Brick by Brick
Here’s the raw and touching spectacle of a rock & roll troublemaker seriously trying to build a new life. Iggy Pop once was dangerously bad. In his screaming prime as a precursor of punk during the early ’70s, he’d writhe himself bloody on stage, then incite his audience to throw things and even to beat him up.
Now he’s revered as a living legend of rock. And this past year he became a minor cult-movie hero, too: He was John Waters’ inspired choice to play the bad kids’ battered patriarch in Cry-Baby.

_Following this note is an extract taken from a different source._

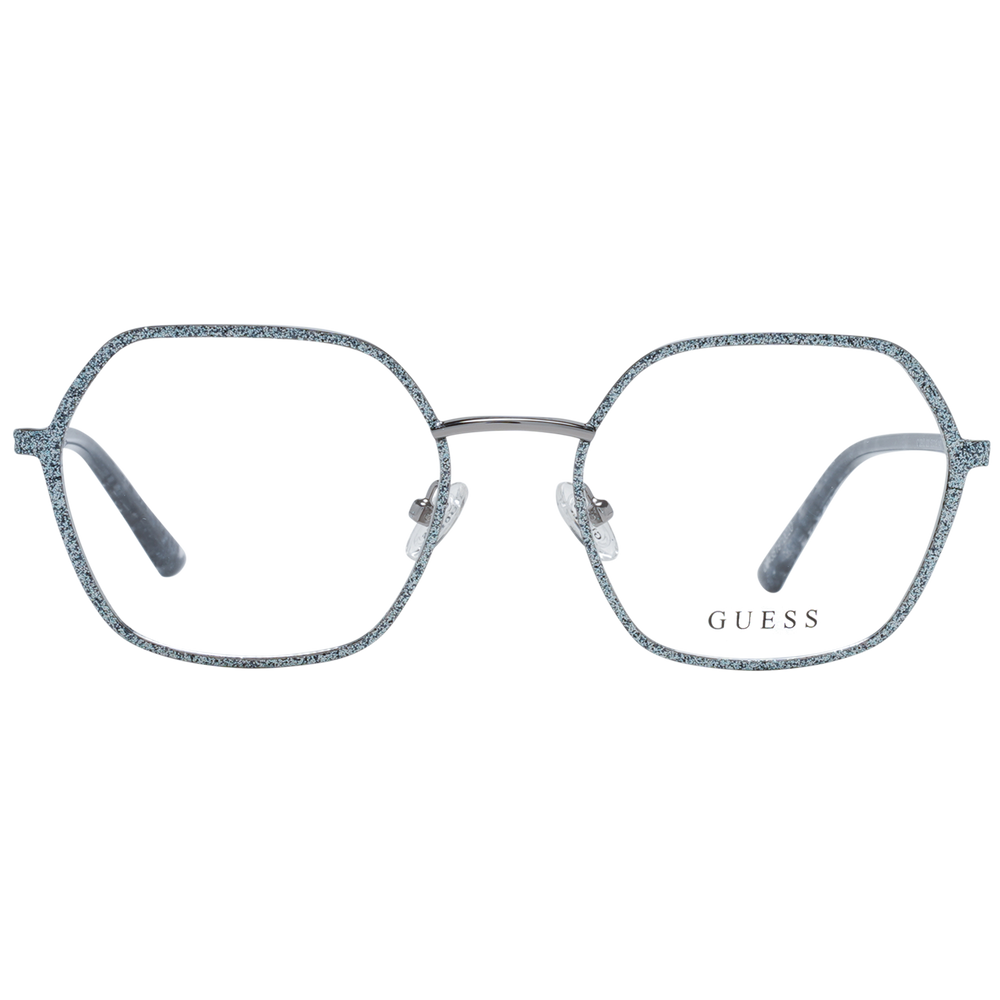 Blue metal hexagonal eyeglasses with silver glitter finish and patterned temple tips on white background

His latest album, Brick by Brick, shows him getting serious. Having hated life so much he almost killed himself, he now has painfully identified exactly what it was he hated. Partly it’s social evils like homelessness and racism. But mostly it’s dishonesty, especially — after a life spent in rock & roll — the dishonesty of glamour and fame. The notion of a living legend, it’s safe to bet, means nothing to him. ”I heard a lotta big talk,” he sings in ”Starry Night,” a jaunty song spiced with quasi-African guitar. ”Which country is strongest?/who plays the best guitar?/who f— cares/under the stars.”
He means every word; he painstakingly tells us to go to the desert, look up at the stars, and see for ourselves how false our lives have been. He sings all that with a bare-souled blend of innocence, bravado, and the bitterness of someone who repeatedly has been hurt.
His musicians are an extraordinary group. They include the highly emotional heartland rocker John Hiatt; Kate Pierson of the B-52’s; David Lindley, Los Angeles studio wizard and multi-instrumentalist, who’s responsible for the quasi- African guitar; Slash, the lead guitarist of Guns N’ Roses; and Kenny Aronoff, John Cougar Mellencamp’s powerful drummer.
But here’s the sad part. All this talent — and all Iggy Pop’s sincerity — adds up to less than the sum of its parts. There’s an abrasive purity in his lyrics and singing that isn’t matched either by the band’s playing or by the songs themselves. Musically speaking, this album is merely better-than-average rock & roll, even when it snarls in the darkness of the gutter, as in ”Pussy Power” (a song about enslavement to sex), or drives forward with something verging on real longing, as in ”Candy,” a duet with Kate Pierson.
But then the high-class anonymity of better-than-average rock & roll might, deep down, be just what Iggy Pop wants. If he means what he sings, he’d surely insist to the end that he wasn’t anybody special.